What is chemical energy storage?

An example of chemical energy storage is the common battery. By using the liquid inside it to store electricity it can then release it as required. Large batteries can act as chemical energy storage for industry and could make future energy generation solutions more efficient and profitable. This will be achieved by storing energy generated when demand on the grid is low and releasing this as required to help meet peak demand.

How does the battery chemical energy storage process actually work?

Batteries are portable devices that can be used in many different areas. The way a battery works is very simple and based on three components:

The anode and the cathode are also known as ‘terminals’ and are made of a metal, which are then separated by the electrolyte.

Converting stored energy to electricity

If you take a device like a light bulb or a simple electrical circuit and connect it to the battery terminals, the chemical on the anode causes a release of electrons to the negative pole and ions in the electrolyte. This is the chemical oxidation reaction.

On the positive pole the cathode accepts the flow of electrons, which completes the circuit for the flow of electrons. These two reactions happen simultaneously: the ions transport current through the electrolyte while the electrons flow in the external circuit. This then generates the electric current.

Storing electrical energy in a chemical store

The process for battery energy storage works in reverse, transforming electrical energy into chemical energy. When excess electricity is produced in the grid, it can be channelled into a battery system, and then be stored in the chemical system.

The mobile phone and electric car both take advantage of a rechargeable battery system. The hope is that in the future this process could be ‘up-scaled’: when electricity is produced by intermittent renewable sources like wind or a solar PV it can be stored in big industrial sized battery systems.

What types of batteries can be used for mass energy storage?
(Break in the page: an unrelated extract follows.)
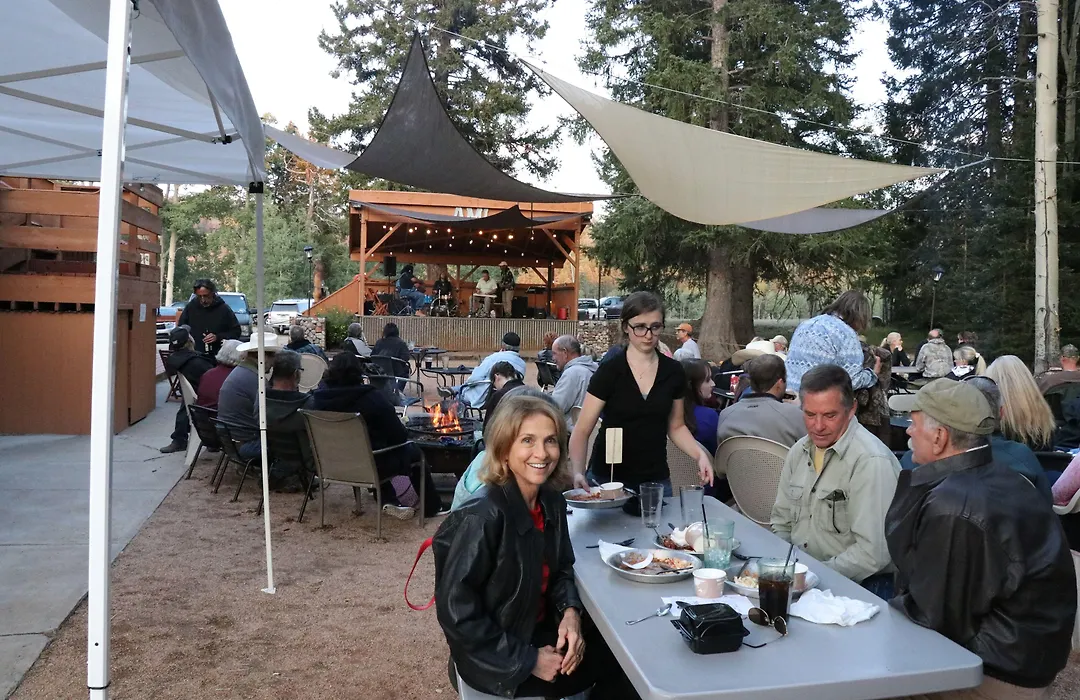 Arrowhead Mountain Lodge-1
There are a number of different battery solutions that are currently being used in industry and under consideration for mass scale national grid use. This section briefly considers each type for these ambitious future requirements.

Lithium-ion Batteries

Lithium-ion batteries are the fastest growing battery type in the consumer market today. They have many uses, including powering laptops, mobile phones and hybrid vehicles due to the high amount of energy they can store. They also have high energy-efficiency, operate well under a wide range of temperatures, can be recycled and also have a low level of self-discharge.

However to be used as a grid storage solution this type of battery will require some refinement. They will need to operate with improved lifespan (number of charging and discharging cycles that can be achieved) and improved safety. Most importantly the cost to produce the lithium-ion batteries needs to come down – a storage solution these days needs to be cost effective.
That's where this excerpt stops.